[Magdalen] Where do they live?

Chad Wohlers chad at satucket.com
Thu Oct 18 14:14:10 UTC 2018


Hah!!!

Just last night I was trying to get some sleep when I was rudely awakened by noises outside on the porch. We have bird feeders out there, plus a suet feeder attached to a post. I didn’t even have to think about what it was – I knew – the racoons were back. There were two of them, trying to open the cage which holds the suet and which is secured by a twist-em. I got up and opened the door to the porch and they actually went away – after a few nights of this they just look at you as if saying “Yeah, so?”. It was only 35F or so outside so I wasn’t about to really go out on the porch , dressed (or undressed) as I was. They of course came back and I tried to just ignore them, but finally did get up and chased them away again. When I got up this AM about half the suet was gone, along with the twist-em. Eventually they’ll go into hibernation for the winter, but it hasn’t happened yet.

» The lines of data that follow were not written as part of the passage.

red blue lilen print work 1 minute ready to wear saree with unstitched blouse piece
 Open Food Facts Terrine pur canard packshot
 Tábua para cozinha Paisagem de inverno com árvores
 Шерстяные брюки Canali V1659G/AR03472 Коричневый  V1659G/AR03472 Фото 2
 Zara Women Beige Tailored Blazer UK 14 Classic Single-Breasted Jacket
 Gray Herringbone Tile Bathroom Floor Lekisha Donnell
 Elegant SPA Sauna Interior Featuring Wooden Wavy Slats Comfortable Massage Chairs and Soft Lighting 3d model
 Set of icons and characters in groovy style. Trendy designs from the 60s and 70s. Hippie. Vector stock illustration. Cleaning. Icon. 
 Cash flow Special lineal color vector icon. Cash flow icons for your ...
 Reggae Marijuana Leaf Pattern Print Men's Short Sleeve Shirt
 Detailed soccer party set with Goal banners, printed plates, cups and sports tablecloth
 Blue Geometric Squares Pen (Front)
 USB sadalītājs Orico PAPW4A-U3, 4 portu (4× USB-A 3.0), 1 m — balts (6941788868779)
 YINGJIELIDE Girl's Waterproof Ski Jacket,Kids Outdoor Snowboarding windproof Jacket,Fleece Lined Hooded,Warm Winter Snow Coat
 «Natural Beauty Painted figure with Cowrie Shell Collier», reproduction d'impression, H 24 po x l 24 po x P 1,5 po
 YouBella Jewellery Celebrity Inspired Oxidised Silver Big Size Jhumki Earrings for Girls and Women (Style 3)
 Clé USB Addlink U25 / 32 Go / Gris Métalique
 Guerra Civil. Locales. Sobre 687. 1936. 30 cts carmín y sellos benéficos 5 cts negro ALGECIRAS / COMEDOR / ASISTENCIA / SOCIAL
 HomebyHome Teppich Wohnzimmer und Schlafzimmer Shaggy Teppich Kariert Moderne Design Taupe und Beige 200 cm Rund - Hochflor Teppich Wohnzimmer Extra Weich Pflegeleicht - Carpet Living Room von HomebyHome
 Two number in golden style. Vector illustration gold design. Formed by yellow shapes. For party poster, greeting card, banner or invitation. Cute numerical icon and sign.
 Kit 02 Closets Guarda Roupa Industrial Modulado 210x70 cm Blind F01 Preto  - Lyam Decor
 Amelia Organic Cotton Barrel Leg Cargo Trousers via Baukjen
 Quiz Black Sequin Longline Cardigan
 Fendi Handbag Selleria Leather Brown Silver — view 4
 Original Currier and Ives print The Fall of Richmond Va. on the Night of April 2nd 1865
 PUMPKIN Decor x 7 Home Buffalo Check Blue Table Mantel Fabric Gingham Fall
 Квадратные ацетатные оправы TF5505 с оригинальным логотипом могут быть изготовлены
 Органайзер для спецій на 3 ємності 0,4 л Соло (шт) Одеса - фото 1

And, BTW when I got up there was a thin coating of that dreaded white stuff outside – first of the season. It’ll be gone by noon-time, but it’s only a harbinger of things to come.

Chad Wohlers
chad at satucket.com
Woodbury, VT    USA

From: M J _Mike_ Logsdon
Sent: Thursday, October 18, 2018 8:10 AM
To: magdalen at herberthouse.org
Subject: [Magdalen] Where do they live?

As I was leaving my bathroom this evening (last evening, I suppose, actually) and turned off the light, I saw movement in my small apartment backyard.  I'm used to seeing cats on the fence, so that's what I expected, but movement is movement, so I needed to investigate.  Keeping the light off so I could see, I was struck by three things:  (1) the cat I saw on the fence was HUGE, (2) it didn't skitter down the other side of the fence immediately as normal, and (3) the striped tail and the bandit mask revised my opinion on the spot as to what I was witnessing.

My Backyard Masked Animal showed no typical animosity as often seen on TV, but that could've been because it was smart enough to know that a face looking out of a dark room in a building was hardly gonna leap out and challenge it.  It quickly, but smoothly, made its way down the other side of the fence like the cats do, but with no sign of anxiety on its part whatsoever.

Yes, it was my first raccoon.  But being a city dweller where such things are seldom seen, that shouldn't be a surprise.  And I did look up and find the following, which explains a bit:

"New habitats which have recently been occupied by raccoons (aside from urban areas) include mountain ranges, such as the Western Rocky Mountains, prairies and coastal marshes.  After a population explosion starting in the 1940s, the estimated number of raccoons in North America in the late 1980s was 15 to 20 times higher than in the 1930s, when raccoons were comparatively rare.  Urbanization, the expansion of agriculture, deliberate introductions, and the extermination of natural predators of the raccoon have probably caused this increase in abundance and distribution." (Wikipedia excerpt.)

Its a reference beyond ("aside from") urban areas, which my area basically is, but, still, -- where does such a clearly well-fed raccoon actually live?  Grant you, I'm not terribly far from hundreds of miles of ag fields, but something made this well-fed monster decide to "come into town and make a night of it".  Would such a creature maybe have an actual life here, in town, even in my neighborhood?  Doesn't bother me one whit.  I'm just curious.

And my Masked Friend makes the second "wild" animal I've encountered in this part of my town.  Long ago, my route to work was detoured to the extreme to make ample room for law enforcement and animal specialists to deal with the (from what I remember) very young bear that somehow made it into the neighborhood I actually now live in.  Raccoons, yes.  But bears?  They happen in Monterey and Carmel all the time, because they have heavily wooded areas close nearby, and can actually be said to be situated within same.  But Salinas Valley flatland?  All I can admit to right now, is that we do have "mountains ranges" nearby.

M J (Mike) Logsdon.

"Aaugh[.]" -- Charles Brown.
"Avoid dull needles and use a soft cloth." -- E Kovacs.
"Because that's the kind of guy, I'm." -- C Reiner, "Your Show of Shows", skit: "From Here to Obscurity".